Rencontre avec l’IESF qui s’inquiète du manque de féminisation et de diversité chez les ingénieurs

Christine Quinola et Marc Rumeau, secrétaire générale et président d'IESF. Crédit: studio Cabrelli

La fédération Ingénieurs et Scientifiques de France (IESF) est préoccupée par le manque de féminisation et de diversité sociale parmi les ingénieurs, alors même que les besoins des entreprises en ingénieurs ne sont pas couverts. Rencontre avec sa secrétaire générale Christine Quinola et son président Marc Rumeau.

Les métiers de l’ingénieur représentent une filière d’avenir où il y a de l’emploi. 87 % des diplômés 2022 étaient déjà embauchés en CDI en septembre 2022. La France comptait 1 191 000 ingénieurs fin 2021 ; 1 002 000 sont en activité, dont 24 % de femmes, selon l’enquête nationale 2022 d’IESF auprès de 47 000 répondants. « Nous ne produisons que 44 000 nouveaux ingénieurs par an, souligne le président de la fédération Ingénieurs et Scientifiques de France (IESF), Marc Rumeau. Il en faudrait plus de 60 000 pour répondre à la demande, par rapport aux besoins de France 2030, que ce soit dans le numérique, l’aéronautique, le nucléaire ou l’hydrogène. »

Le goulet d’étranglement n’est malheureusement pas prêt de se résorber, en particulier à cause d’un manque d’attractivité auprès des femmes et d’un manque de diversité sociale, liés notamment à l’accès à l’information et au financement.

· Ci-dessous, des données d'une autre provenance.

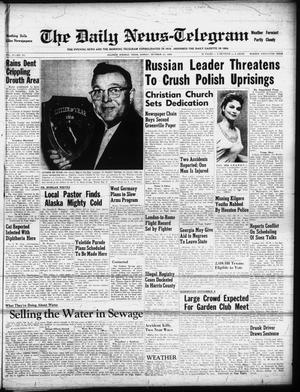 The Daily News-Telegram (Sulphur Springs, Tex.), Vol. 58, No. 251, Ed. 1 Sunday, October 21, 1956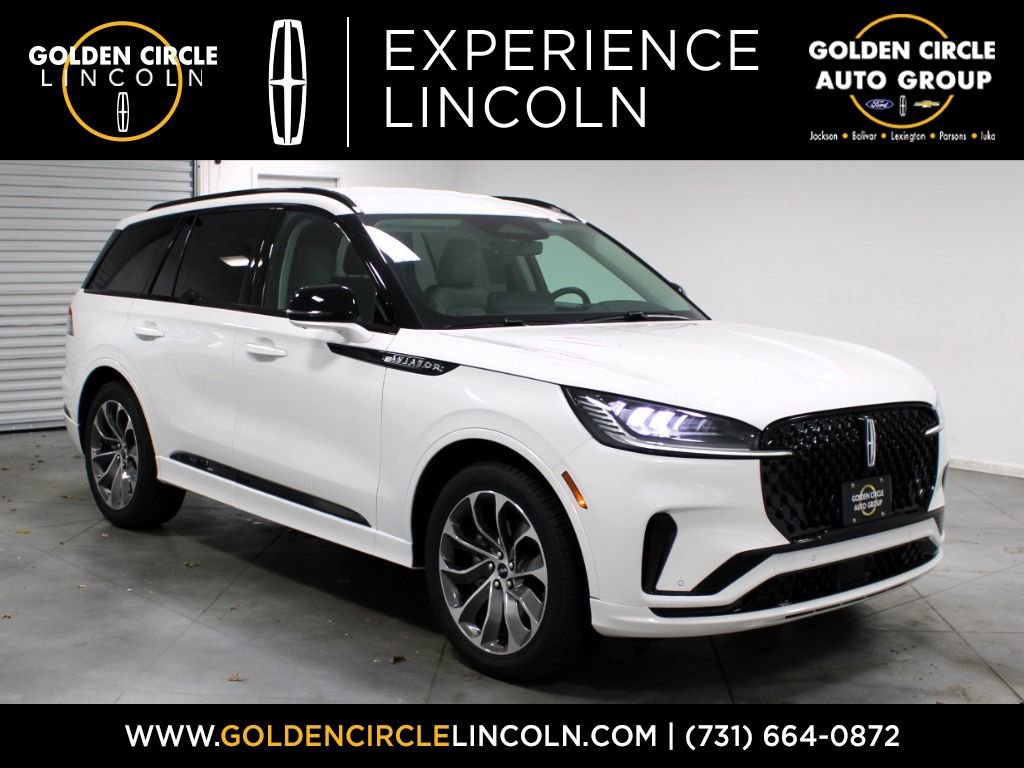 New 2026 Lincoln Aviator 2WD w/ Jet Appearance Package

Le nombre de jeunes diplômés risque de baisser

Parmi les 43 470 nouveaux diplômés 2021, 28 % sont des femmes, un chiffre qui stagne depuis 2015 (cf. graphique). IESF constate depuis quelques années une désertion des jeune filles dans les filières STEM (science, technologie, ingénierie et mathématiques) et les classes préparatoires scientifiques. Le mouvement est aggravé par la réforme du baccalauréat, qui impacte les promotions rentrantes : à CentraleSupelec, le taux de féminisation est par exemple tombé à moins de 20 %. Selon l’enquête nationale 2022, il y a une baisse de 61 % de filles ayant au moins 6 heures de cours de maths en terminale.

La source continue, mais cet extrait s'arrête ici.